Portrait. »Vorher haben wir uns im Kreis gedreht«
Lange konnte Michael Jünck die hohe Milchleistung seiner Herde nicht weiter steigern. Diese Grenze überschritt er erst, als er das Grundfutter, die Trockenstehperiode und die Kälberaufzucht neu organisierte.
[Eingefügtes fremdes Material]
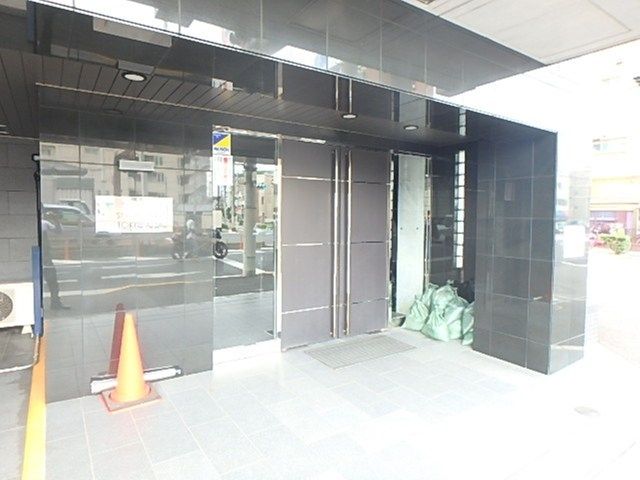 エントランス　NULL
Eine Laktationsleistung von mehr als 10 500 kg pro Kuh und Jahr, und das auch noch über einen langen Zeitraum hinweg, ist beachtlich. Aber Michael Jünck aus Velen merkte, dass bei seiner 300 Kühe umfassenden Herde noch mehr drin war: »Wenn ich mir die MLP-Ergebnisse der vergangenen Jahre angeschaut habe, sind wir zwar als Betrieb gewachsen, haben uns aber bei der Milchmenge im Kreis gedreht«. Deshalb haben er, seine Familie und seine Mitarbeiter in den vergangenen beiden Jahren betrieblich viel verändert. Im Fokus standen hauptsächlich die drei »Schlüsselpositionen« Grundfutter, Kälber und Trockensteher. »Ihnen hatten wir lange nicht genügend Augenmerk geschenkt«, sagt Jünck.
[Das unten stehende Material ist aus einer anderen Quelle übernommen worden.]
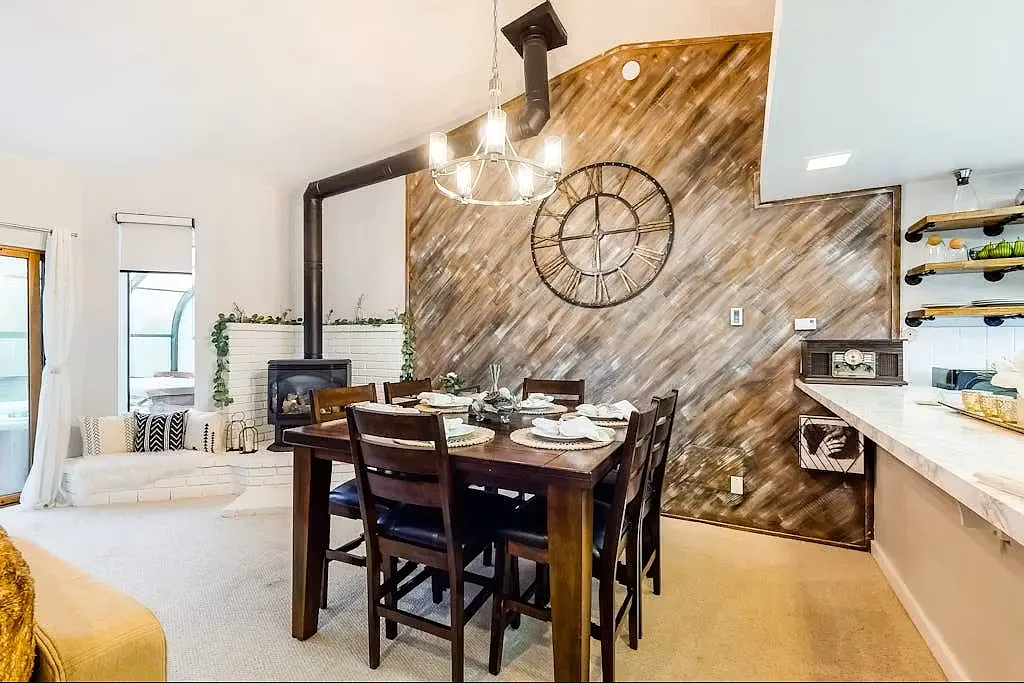 2 bed, 2.5 bath, 1232 sqft, $4,200 — Photo 2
Neuorganisation der Kälberhaltung
Zunächst wurde die Kälberhaltung komplett neu organisiert. Dreizehn Gruppenboxen für jeweils sechs Kälber ersetzen die Iglus. Seit einem dreiviertel Jahr kommen die Kälber direkt nach der Geburt in eine Gruppe. »Wenn eine Kuh kalbt, wird das Kalb sofort von ihr getrennt. Beim Einstallen bekommt jedes Kalb ein farbiges Band an den Fuß. Auf einer Tafel notieren wir die Tierdaten, Auffälligkeiten und Besonderheiten und ordnen sie der Farbe des Bandes zu. Wird das Kalb außerhalb der Melkzeiten geboren, melken wir die Kuh möglichst schnell nach der Geburt mit einer mobilen Eimermelkanlage«. Sofort wird der Brix-Wert in der Milch gemessen und das Kolostrum pasteurisiert. Das Kalb erhält aber das im Kühlschrank gelagerte Kolostrum einer anderen Kuh. Bei den ersten beiden Mahlzeiten wird es gedrencht: Beim ersten Tränken mit 4 l pasteurisierter Milch und beim zweiten Mal mit 2 l. »Auch wenn uns viele das prophezeit hatten und auch wir selbst skeptisch waren: Für die Kälber ist es kein Problem, danach an der Milchbar zu saufen«, sagt Michael Jünck. »Uns ist eine gleichmäßige Anzahl Abkalbungen über das Jahr verteilt wichtig, um immer genügend Tiere für die Gruppenbildung zu haben. Das klappt bisher gut«. Die Bullenkälber werden nach 28 Tagen an Aufzüchter und Mäster verkauft und die weibliche Nachzucht wird nach dem Absetzen zur weiteren Aufzucht zum Betrieb der Schwiegereltern von Michael Jünck gebracht.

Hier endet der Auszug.